Note: Quick Takes will be short articles introducing new ideas or concepts that haven’t been tested. It is designed to help inspire your own personal systems. If you wish to demonstrate the results of Quick Takes ideas, your results will be published on this site subject to verification.

I have always been fascinated by Donchian Channels as they were the core method used by the legendary turtle traders to achieve their success.  Channels are simply bands containing the “n” day high bounded by the “n” day low . They can be seen visually on  using their sharp charts by selecting the “price channel.”  I noticed that the larger the channel that the stock is currently in, the more likely the trend was to continue. In my own work on ranking stocks, i include a % distance from 52-wk high as part of the momentum factor which does in fact add a fair amount of value to the overall score. Many systems using channels to trade a wide variety of futures and indexes are still robust, even during the new mean reversion era. 

What is missing from all of the research that i have ever seen is a percent exposure method to catching trends. Wouldn’t it be smart to increase leverage and exposure as the move becomes confirmed? Most models are either all in or all out, that is why it is difficult to design short-term trend systems. The frequently incorrect signals given by shorter trend signals are too costly using a full bet size. More importantly, signals generated by short-term models  that are counter to the longer term trend are more likely to be incorrect or have a poor profit factor.

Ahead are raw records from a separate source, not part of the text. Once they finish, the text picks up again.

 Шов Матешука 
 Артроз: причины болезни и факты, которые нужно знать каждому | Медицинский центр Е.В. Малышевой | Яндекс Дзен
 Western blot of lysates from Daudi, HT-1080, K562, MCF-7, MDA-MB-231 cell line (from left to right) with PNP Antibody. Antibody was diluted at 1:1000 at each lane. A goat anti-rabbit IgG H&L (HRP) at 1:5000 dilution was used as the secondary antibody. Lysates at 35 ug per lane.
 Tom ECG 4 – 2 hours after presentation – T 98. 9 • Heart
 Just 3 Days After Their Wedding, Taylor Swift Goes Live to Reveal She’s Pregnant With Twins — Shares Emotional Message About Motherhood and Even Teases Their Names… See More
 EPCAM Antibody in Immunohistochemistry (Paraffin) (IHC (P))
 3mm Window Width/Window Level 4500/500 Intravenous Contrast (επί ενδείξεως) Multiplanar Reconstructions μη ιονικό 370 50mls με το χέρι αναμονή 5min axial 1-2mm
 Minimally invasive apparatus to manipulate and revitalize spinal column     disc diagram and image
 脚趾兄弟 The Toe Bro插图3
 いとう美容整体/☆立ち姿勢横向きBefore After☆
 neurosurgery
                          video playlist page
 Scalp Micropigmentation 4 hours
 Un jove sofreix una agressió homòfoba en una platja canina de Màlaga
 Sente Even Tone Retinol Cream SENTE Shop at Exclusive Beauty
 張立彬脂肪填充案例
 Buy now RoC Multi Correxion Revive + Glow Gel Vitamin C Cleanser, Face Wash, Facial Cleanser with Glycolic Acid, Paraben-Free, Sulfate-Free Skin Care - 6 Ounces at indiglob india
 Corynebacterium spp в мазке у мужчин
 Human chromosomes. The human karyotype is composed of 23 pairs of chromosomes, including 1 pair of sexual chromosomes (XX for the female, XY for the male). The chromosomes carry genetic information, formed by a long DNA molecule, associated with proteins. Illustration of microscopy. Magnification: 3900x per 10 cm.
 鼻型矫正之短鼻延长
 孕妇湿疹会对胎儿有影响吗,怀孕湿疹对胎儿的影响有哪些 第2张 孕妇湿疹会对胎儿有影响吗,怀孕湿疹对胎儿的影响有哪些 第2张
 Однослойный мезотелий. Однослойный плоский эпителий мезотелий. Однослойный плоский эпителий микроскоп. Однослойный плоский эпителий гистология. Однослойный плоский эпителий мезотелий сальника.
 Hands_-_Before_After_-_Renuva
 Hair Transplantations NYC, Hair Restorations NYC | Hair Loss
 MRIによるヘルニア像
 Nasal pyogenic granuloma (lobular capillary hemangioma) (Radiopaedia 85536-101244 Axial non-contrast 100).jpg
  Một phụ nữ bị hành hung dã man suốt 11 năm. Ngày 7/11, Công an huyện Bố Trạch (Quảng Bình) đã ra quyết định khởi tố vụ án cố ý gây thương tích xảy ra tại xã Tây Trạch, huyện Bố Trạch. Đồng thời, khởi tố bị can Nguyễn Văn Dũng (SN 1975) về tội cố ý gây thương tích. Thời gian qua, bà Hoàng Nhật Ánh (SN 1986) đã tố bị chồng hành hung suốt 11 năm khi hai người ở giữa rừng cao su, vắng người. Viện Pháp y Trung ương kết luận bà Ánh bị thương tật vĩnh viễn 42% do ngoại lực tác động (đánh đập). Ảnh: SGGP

The question is how do we use this information? First, lets describe  how to trade channels: Exits and entries are determined by new channel penetration. That is, a new 50-day high for example would initiate a new long position after a previous 50-day low had been triggered without a 50-day high prior to that. Once a new entry is triggered, you would exit at a channel low that is half of the original channel length. That is, if you entered on a 20-day high, you would exit on a 10-day low, and so-on.

I think there are four concepts that should be stated from my observations regarding channels:

1) the 200 day channel position dictates the main trend: you will have to trace back on the chart to find the first penetration from long to short or vice versa to figure out what the main trend is.

2) smaller channels (a minimum of 20 days-5o days) can be used to trade within the main trend with less risk using a 2 ATR initial stop to minimize potential losses.

3) when trading counter to the prevailing trend, whatever the minimum channel length is in #2 you should use double that length as a trigger— so in this case to enter countertrend in bear markets you would use a 40-day channel, and the same applies to bull markets.

4) when trading counter to the prevailing trend….bet only half as much as when you are with the prevailing trend.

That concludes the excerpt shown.